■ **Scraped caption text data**
==============================

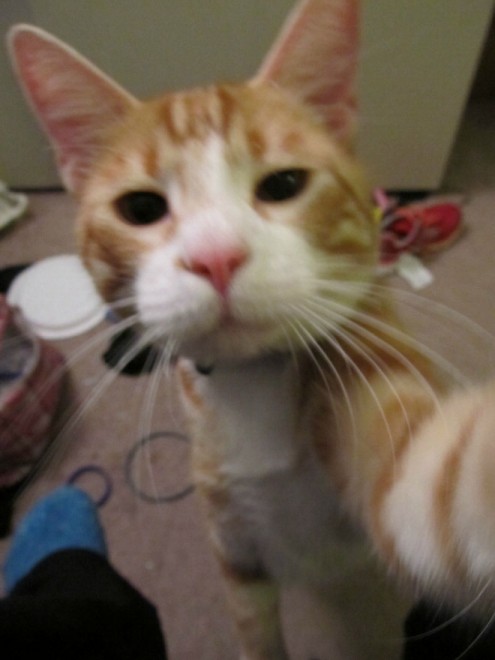 Autoscatto felino: quando il gatto fa il selfie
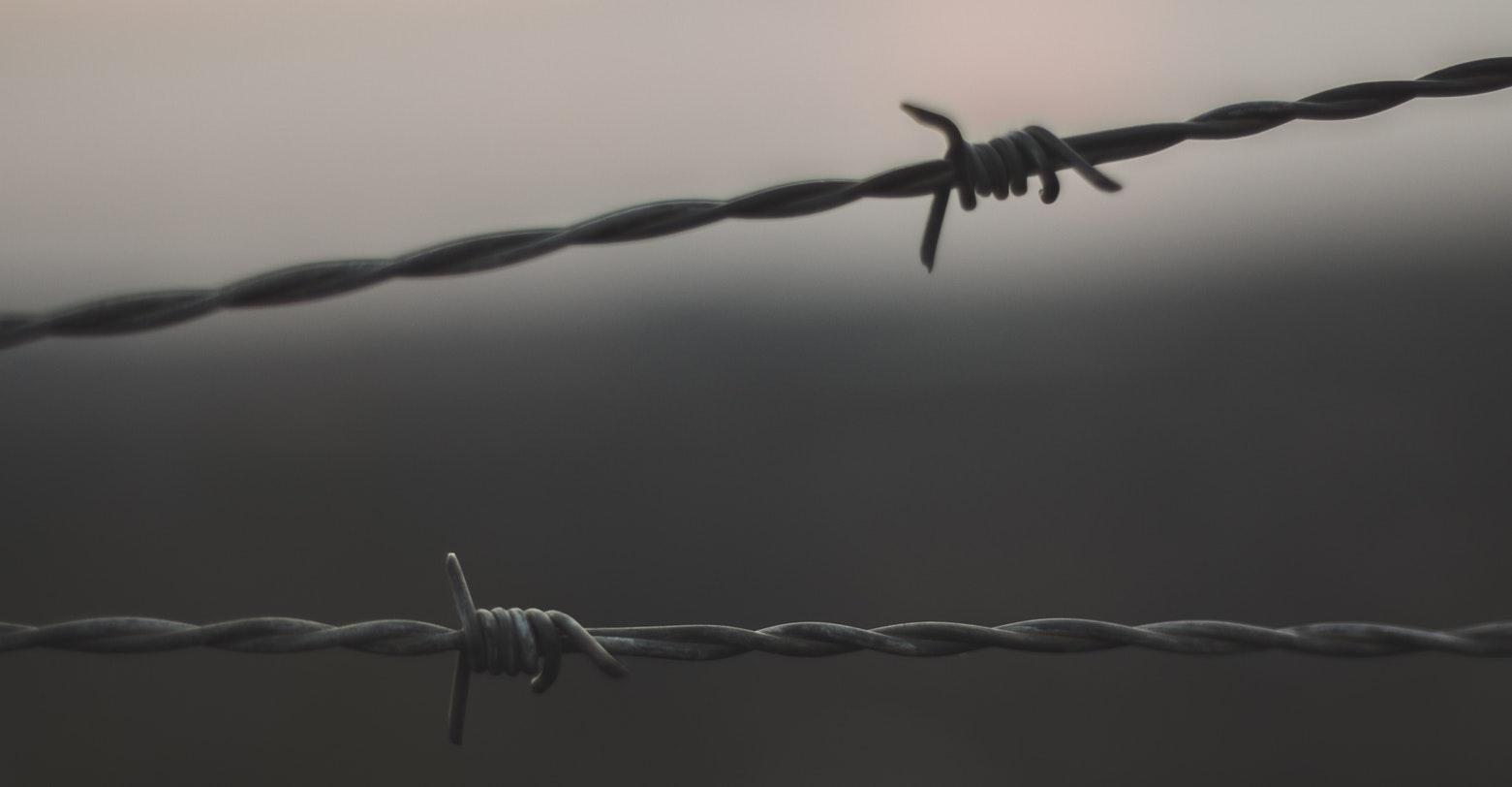 Man’s Search For Meaning by Viktor E. Frankl, a heartbreaking Holocaust survival story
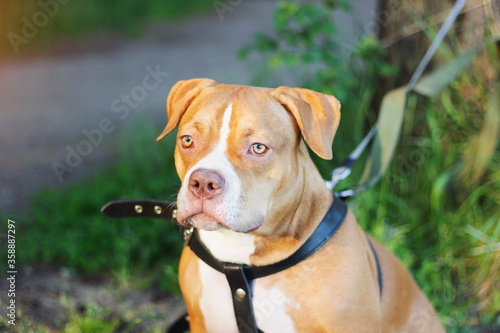 purebred american bully dog pedigree young portrait green eyes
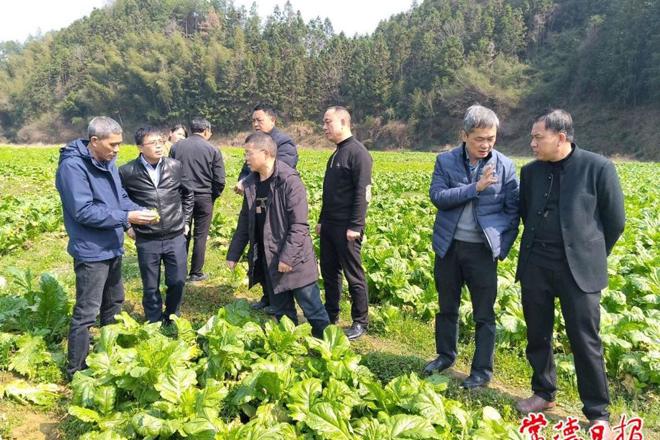 常德蔬菜专家跨省调研促榨菜产销对接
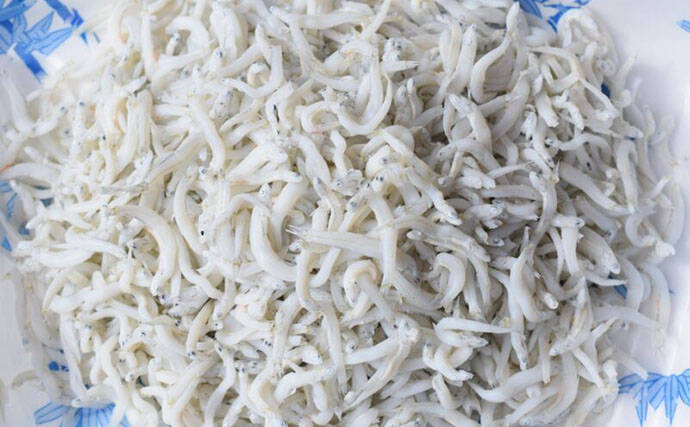 「シラス」と「ちりめんじゃこ」は何が違う？　それぞれの味わいと活用方法を紹介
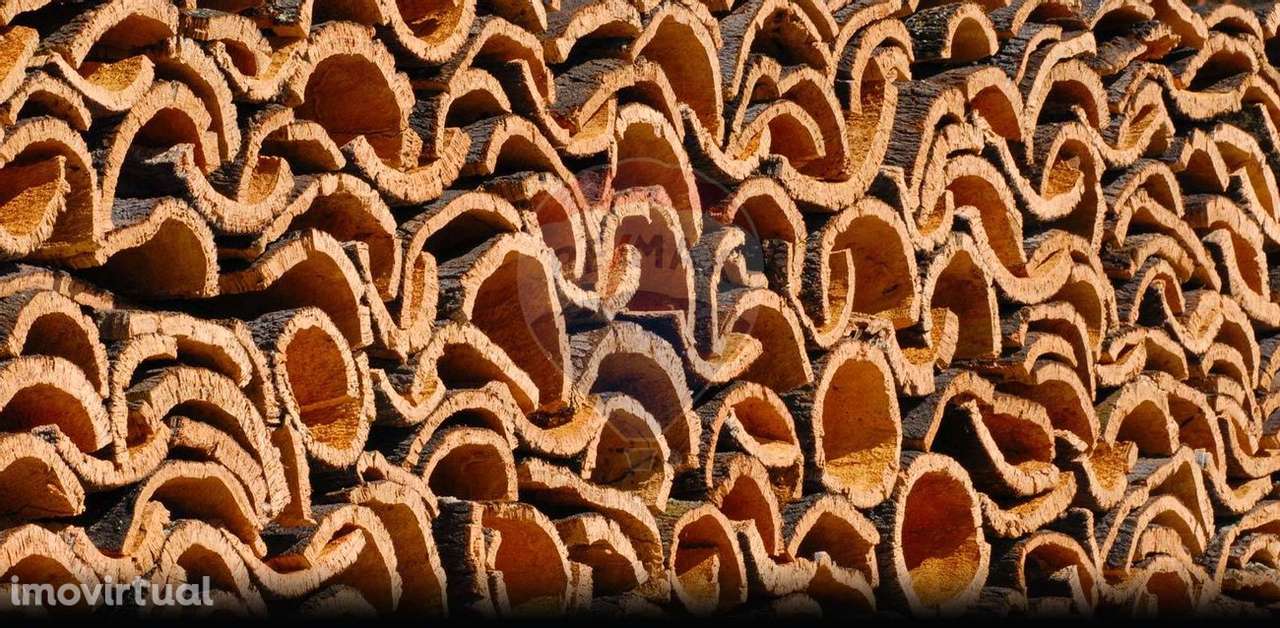 Terreno  para venda - Grande imagem: 3/13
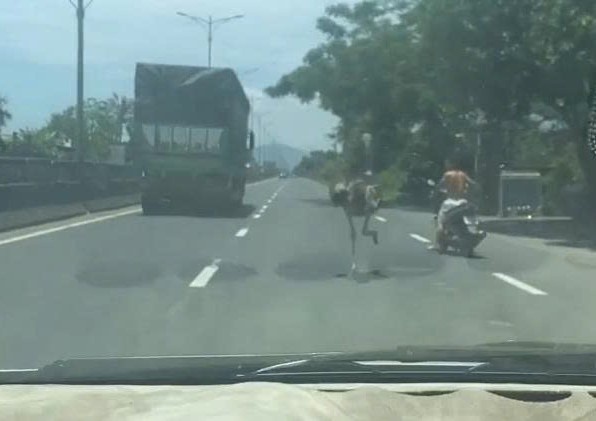 Da dieu chay tren quoc lo 1A hinh anh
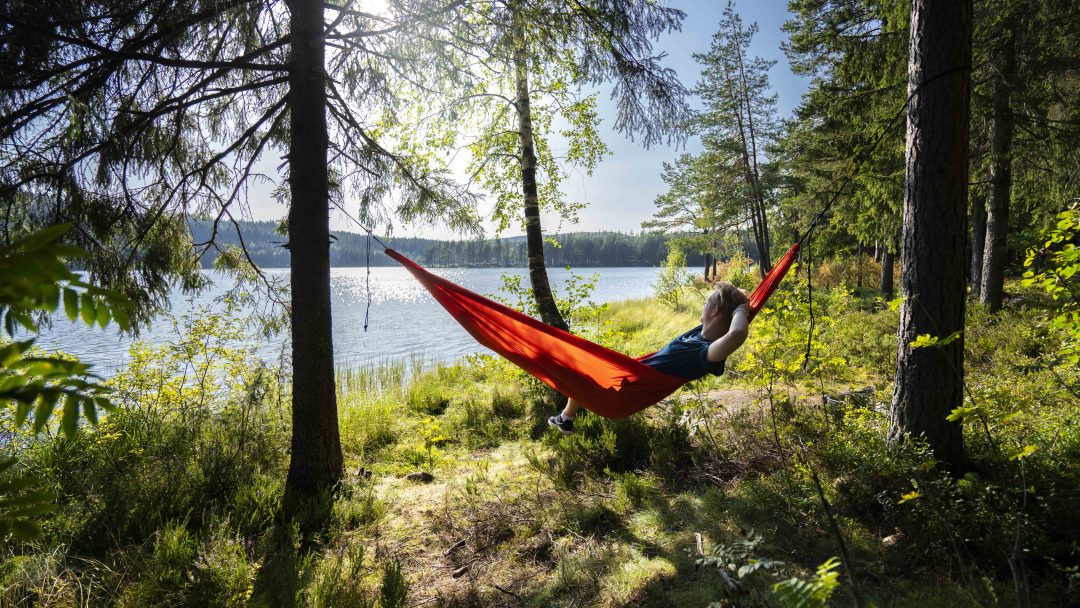 En person slapper av i en knallrød hengekøye, bundet mellom to trær som en telt strukket bredt, med utsikt over en rolig innsjø omgitt av frodig grønt under den klare blå himmelen.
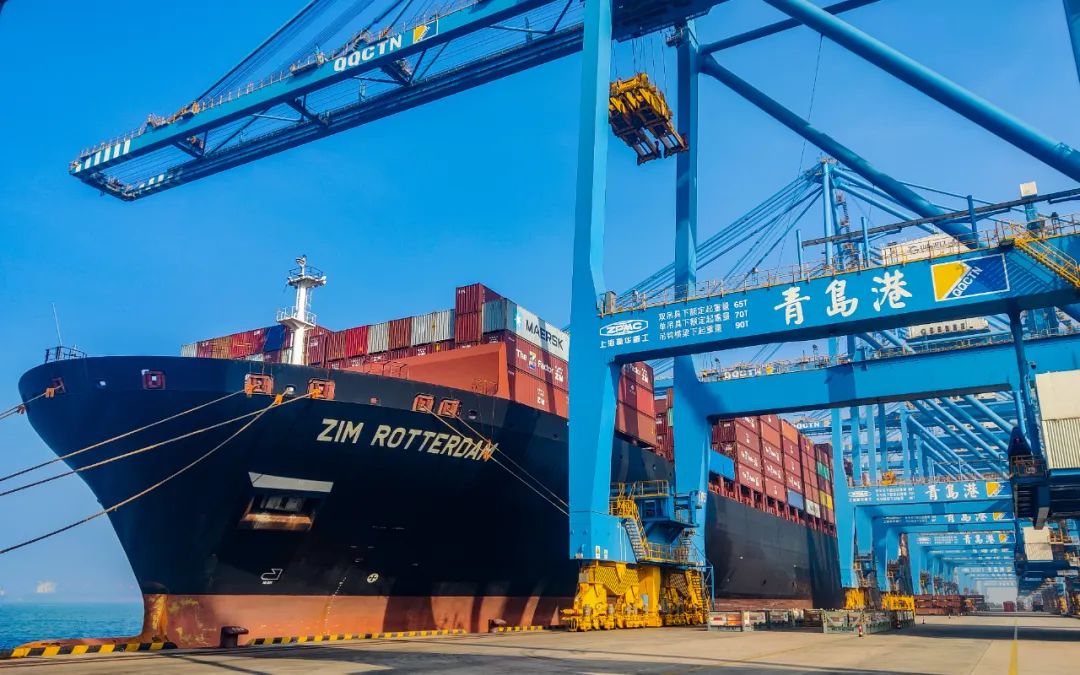 内贸海运：直接找船公司照旧通过货代？？？？？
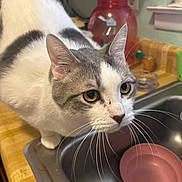 Stormy is registered to the contest to win money with this photo: cat, kitchen, sink, curious, white, gray, bowl, countertop, domestic, pet, whiskers, closeup, indoor, animal, feline, household, container, window, focused, mischievous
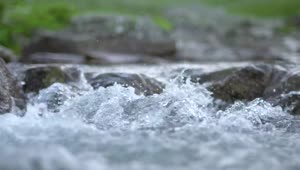 Download   Stock Footage Water Running On A Little Stream Live Wallpaper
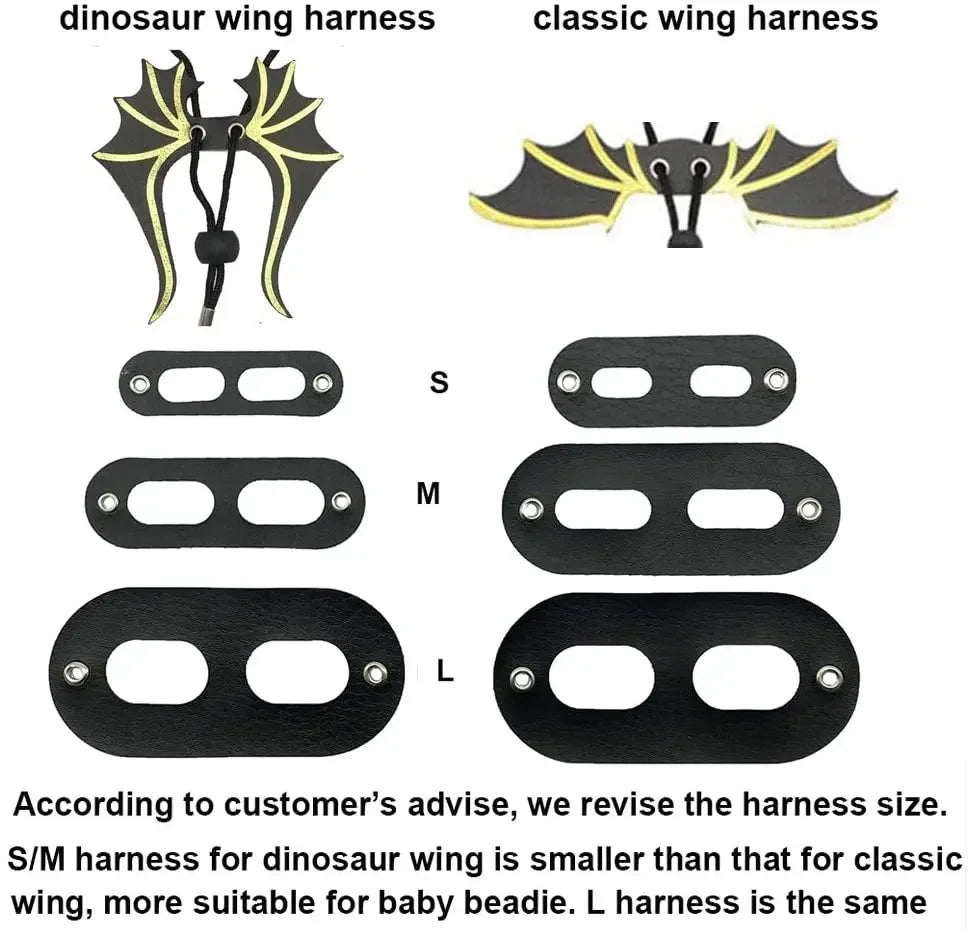 Bearded Dragon Harness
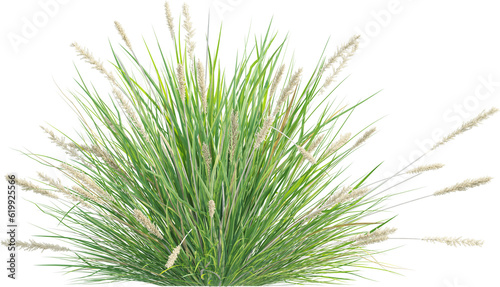 Side view of wild grass
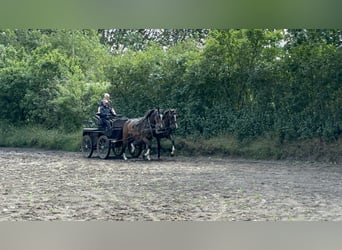 Holsteiner, Merrie, 7 Jaar, 170 cm, Bruin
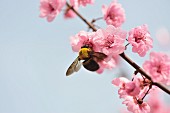 Close up of bee feeding on peach blossom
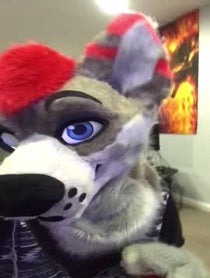 Poster for Other video from Dayzer Husky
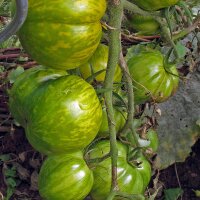 Tomate Green Zebra (Solanum lycopersicum) graines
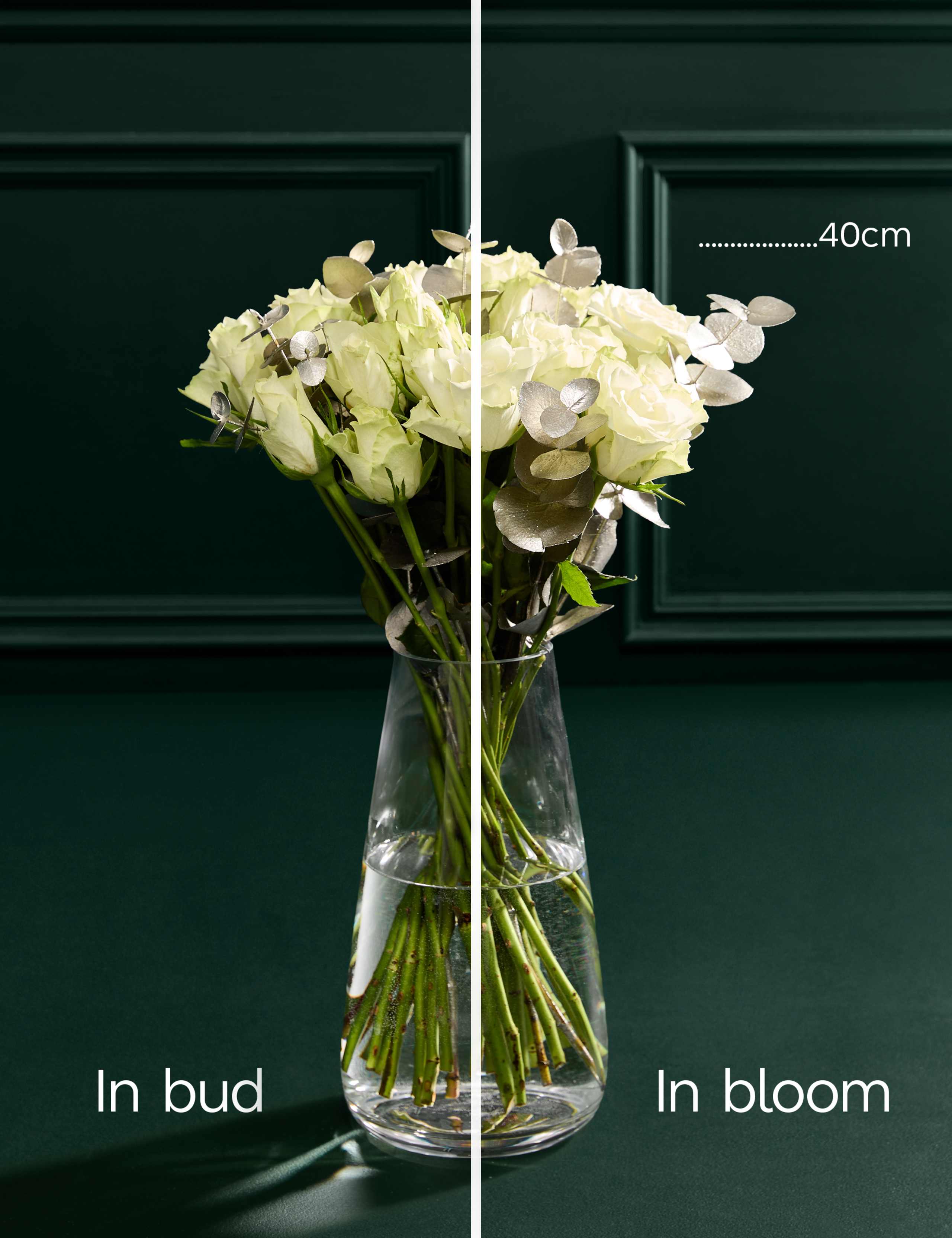 Festive White Rose & Eucalyptus Bouquet 6 of 8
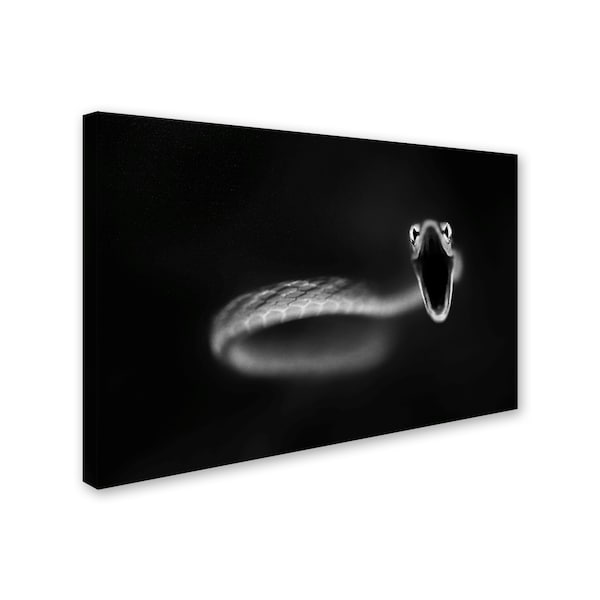 Thomas Haney 'Vine Snake Strike' Canvas Art,30x47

==============================

■ **Task requirements**
May I have only the lines from the start of the data through the line containing "Tomate Green Zebra", both included, reproduced exactly and without the pictures?

■ **Worked solution**
 Autoscatto felino: quando il gatto fa il selfie
 Man’s Search For Meaning by Viktor E. Frankl, a heartbreaking Holocaust survival story
 purebred american bully dog pedigree young portrait green eyes
 常德蔬菜专家跨省调研促榨菜产销对接
 「シラス」と「ちりめんじゃこ」は何が違う？　それぞれの味わいと活用方法を紹介
 Terreno  para venda - Grande imagem: 3/13
 Da dieu chay tren quoc lo 1A hinh anh
 En person slapper av i en knallrød hengekøye, bundet mellom to trær som en telt strukket bredt, med utsikt over en rolig innsjø omgitt av frodig grønt under den klare blå himmelen.
 内贸海运：直接找船公司照旧通过货代？？？？？
 Stormy is registered to the contest to win money with this photo: cat, kitchen, sink, curious, white, gray, bowl, countertop, domestic, pet, whiskers, closeup, indoor, animal, feline, household, container, window, focused, mischievous
 Download   Stock Footage Water Running On A Little Stream Live Wallpaper
 Bearded Dragon Harness
 Side view of wild grass
 Holsteiner, Merrie, 7 Jaar, 170 cm, Bruin
 Close up of bee feeding on peach blossom
 Poster for Other video from Dayzer Husky
 Tomate Green Zebra (Solanum lycopersicum) graines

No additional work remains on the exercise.